• PROBLEM DESCRIPTION:
Once the line with "Reality | Luxy by Lee-4" is found in the data, output it and each following line exactly, up to and including the line with "Building Photo - 9535 Knopfler Ln", and nothing before or after.
════════
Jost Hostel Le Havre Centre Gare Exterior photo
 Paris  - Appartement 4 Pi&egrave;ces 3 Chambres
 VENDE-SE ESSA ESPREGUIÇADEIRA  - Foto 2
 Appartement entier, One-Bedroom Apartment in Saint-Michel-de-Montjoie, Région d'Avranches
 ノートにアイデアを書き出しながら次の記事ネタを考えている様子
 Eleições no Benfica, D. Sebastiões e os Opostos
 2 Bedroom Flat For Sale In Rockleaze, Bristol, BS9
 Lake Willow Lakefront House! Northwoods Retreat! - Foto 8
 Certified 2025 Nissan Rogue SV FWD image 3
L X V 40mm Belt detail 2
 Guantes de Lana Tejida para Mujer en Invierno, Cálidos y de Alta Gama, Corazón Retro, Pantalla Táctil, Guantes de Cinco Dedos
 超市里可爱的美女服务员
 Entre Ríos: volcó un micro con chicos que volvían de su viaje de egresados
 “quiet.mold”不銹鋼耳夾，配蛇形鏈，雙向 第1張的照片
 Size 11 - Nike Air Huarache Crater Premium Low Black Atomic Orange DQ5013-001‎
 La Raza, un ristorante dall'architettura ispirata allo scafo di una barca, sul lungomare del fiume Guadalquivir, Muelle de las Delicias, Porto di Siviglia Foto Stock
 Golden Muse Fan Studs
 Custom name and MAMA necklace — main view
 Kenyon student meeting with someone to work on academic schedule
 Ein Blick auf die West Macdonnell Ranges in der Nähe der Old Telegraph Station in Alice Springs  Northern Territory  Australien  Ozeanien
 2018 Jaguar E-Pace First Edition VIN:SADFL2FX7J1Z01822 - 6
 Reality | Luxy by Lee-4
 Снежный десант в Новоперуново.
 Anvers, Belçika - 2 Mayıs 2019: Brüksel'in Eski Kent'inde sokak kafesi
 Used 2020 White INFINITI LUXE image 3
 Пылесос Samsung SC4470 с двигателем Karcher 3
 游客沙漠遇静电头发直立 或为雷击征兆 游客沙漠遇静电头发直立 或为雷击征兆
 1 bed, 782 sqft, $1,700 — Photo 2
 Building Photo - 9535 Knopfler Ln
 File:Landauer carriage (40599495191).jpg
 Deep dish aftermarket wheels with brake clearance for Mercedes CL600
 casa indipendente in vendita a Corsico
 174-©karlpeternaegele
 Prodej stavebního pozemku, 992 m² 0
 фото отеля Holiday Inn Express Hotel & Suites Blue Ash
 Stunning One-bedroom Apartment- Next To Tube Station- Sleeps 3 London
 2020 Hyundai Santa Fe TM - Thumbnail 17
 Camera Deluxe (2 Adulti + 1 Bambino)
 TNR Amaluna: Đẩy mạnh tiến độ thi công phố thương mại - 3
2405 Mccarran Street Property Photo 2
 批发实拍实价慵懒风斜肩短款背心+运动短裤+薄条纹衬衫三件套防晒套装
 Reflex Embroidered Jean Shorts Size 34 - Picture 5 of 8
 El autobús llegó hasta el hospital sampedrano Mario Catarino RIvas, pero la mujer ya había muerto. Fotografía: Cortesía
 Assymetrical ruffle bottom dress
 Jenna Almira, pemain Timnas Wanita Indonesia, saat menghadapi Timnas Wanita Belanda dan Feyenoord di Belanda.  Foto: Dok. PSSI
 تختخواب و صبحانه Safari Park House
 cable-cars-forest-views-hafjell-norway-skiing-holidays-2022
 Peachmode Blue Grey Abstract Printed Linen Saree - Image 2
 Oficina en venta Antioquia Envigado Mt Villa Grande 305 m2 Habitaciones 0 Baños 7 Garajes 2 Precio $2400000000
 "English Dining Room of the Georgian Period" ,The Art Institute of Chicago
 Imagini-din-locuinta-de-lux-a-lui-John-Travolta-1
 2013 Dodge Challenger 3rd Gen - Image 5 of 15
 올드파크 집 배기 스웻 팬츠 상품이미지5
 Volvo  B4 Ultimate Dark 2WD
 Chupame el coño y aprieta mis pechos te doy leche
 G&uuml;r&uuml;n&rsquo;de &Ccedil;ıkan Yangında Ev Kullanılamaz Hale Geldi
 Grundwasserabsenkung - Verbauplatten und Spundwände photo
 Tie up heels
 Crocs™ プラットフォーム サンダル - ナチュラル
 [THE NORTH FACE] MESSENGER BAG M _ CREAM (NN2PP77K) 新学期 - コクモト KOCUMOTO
════════
• RESULT FOR THIS EXERCISE:
 Reality | Luxy by Lee-4
 Снежный десант в Новоперуново.
 Anvers, Belçika - 2 Mayıs 2019: Brüksel'in Eski Kent'inde sokak kafesi
 Used 2020 White INFINITI LUXE image 3
 Пылесос Samsung SC4470 с двигателем Karcher 3
 游客沙漠遇静电头发直立 或为雷击征兆 游客沙漠遇静电头发直立 或为雷击征兆
 1 bed, 782 sqft, $1,700 — Photo 2
 Building Photo - 9535 Knopfler Ln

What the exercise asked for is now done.